- WHAT IS BEING ASKED: Your answer must be the full listing, reproduced exactly, minus any pictures.

- DATA:
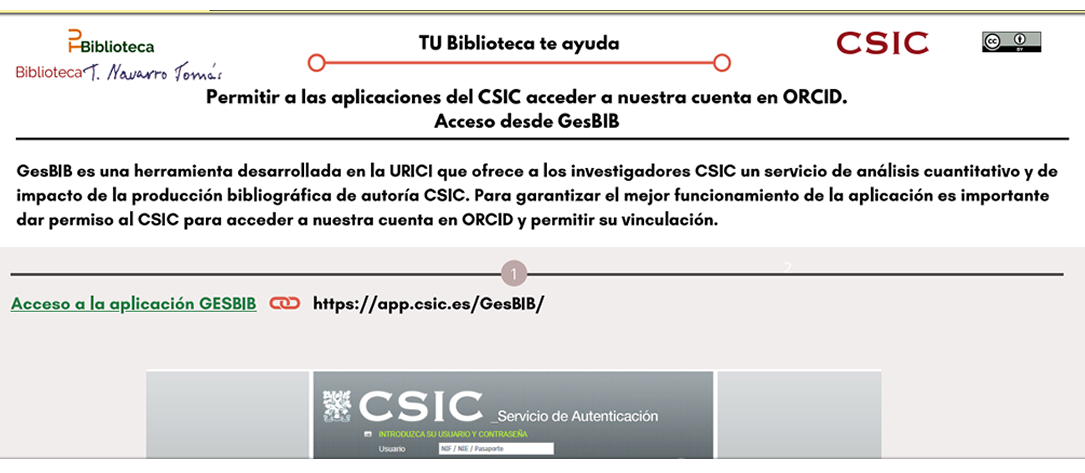 Permitir a las aplicaciones del CSIC acceder a nuestra cuenta en ORCID. Acceso desde GesBIB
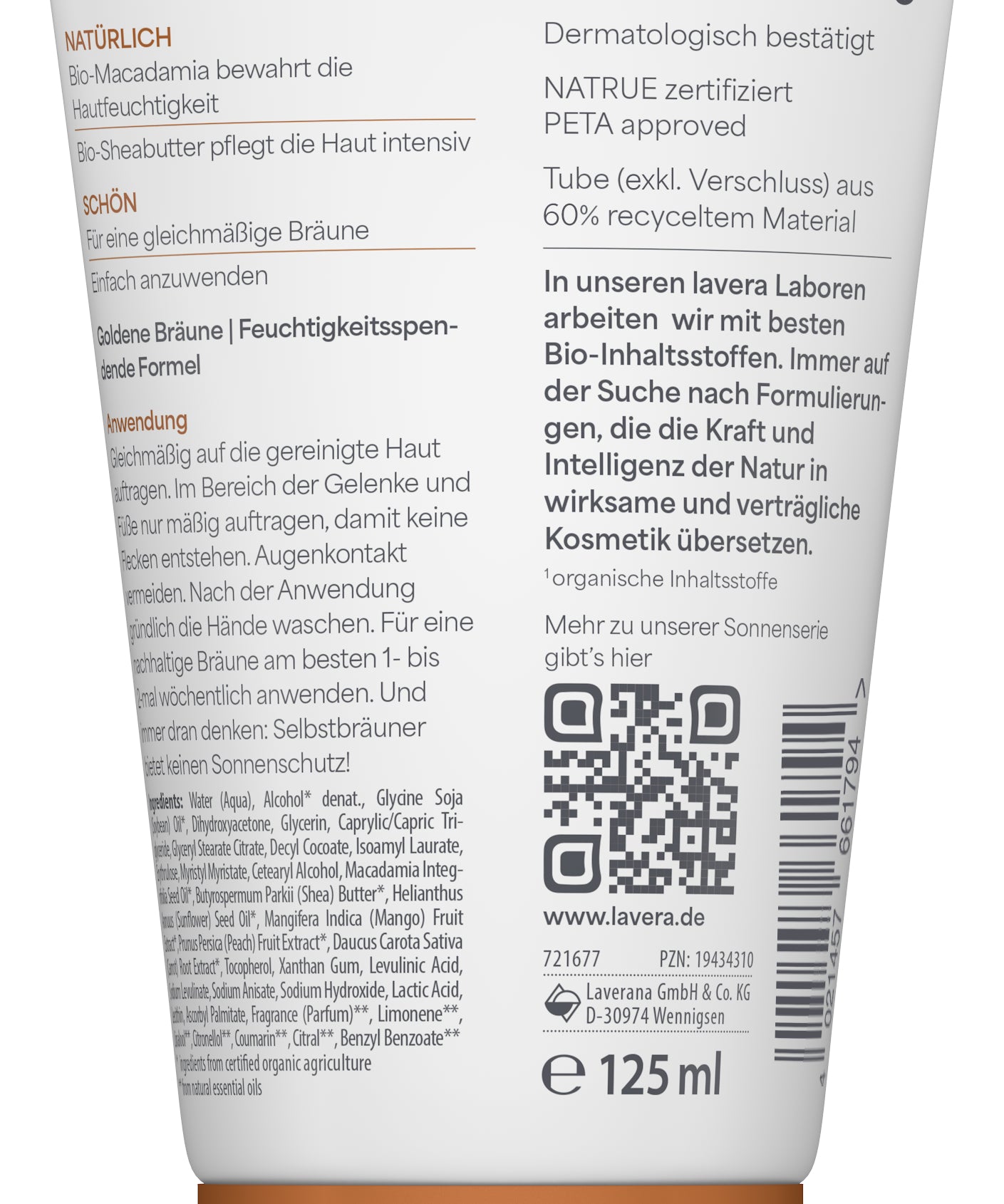 lavera Selbstbräuner Lotion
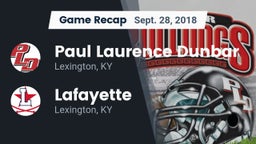 Recap: Paul Laurence Dunbar  vs. Lafayette  2018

- TASK ANSWER:
 Permitir a las aplicaciones del CSIC acceder a nuestra cuenta en ORCID. Acceso desde GesBIB
 lavera Selbstbräuner Lotion
 Recap: Paul Laurence Dunbar  vs. Lafayette  2018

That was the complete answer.